Alongside him is Agnes Callamard, ‘secretary-general’ of the long-discredited Amnesty International, who has gushed over El-Fattah’s return to the UK.
To complete the line-up is Starmer’s own all-powerful national ‘security’ adviser, Jonathan Powell, who, it has emerged, raised El-Fattah’s case directly with Badr Abdelatty, Egypt’s foreign minister, during a conversation at the end of April.
Opposing them is pretty much everyone who’s forced to live in the mess they’ve created: A country where activists masquerade as civil servants and narcissistic barristers push absurd agendas that enrage and divide.
We have a Government that is routinely bullied by people who would rather destroy Britain than contribute to it.

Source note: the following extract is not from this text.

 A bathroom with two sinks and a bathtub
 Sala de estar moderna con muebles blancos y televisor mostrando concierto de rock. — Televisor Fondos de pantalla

That is reduced to a laughing stock because even the most basic vetting and common-sense decision-making has been abandoned in favour of dangerous gestures of moral display.
And we’re supposed to celebrate a political system that allows this kind of madness to not only exist but flourish?
Of course not. So let’s use this case to effect the change we need. To say, very simply, no more. It’s time to stop letting these people in.
If someone publicly rails against Britain, celebrates violence against civilians and calls for the murder of our police, why on earth would we want them here?
This isn’t about human rights or fairness. It is about defending our values and our way of life. Our political class has lost its way. It is so afraid of offending the ‘right’ people that it now regularly welcomes in the very worst.
Enough is enough. It’s time to take a stand beyond mere rhetoric.
It’s time to say clearly: We are here as a refuge for the small number of people fleeing for their lives, but not for every malcontent with an X addiction who loathes what we stand for.
We simply cannot afford to import yet more chaos into our country. We already have more than our fill.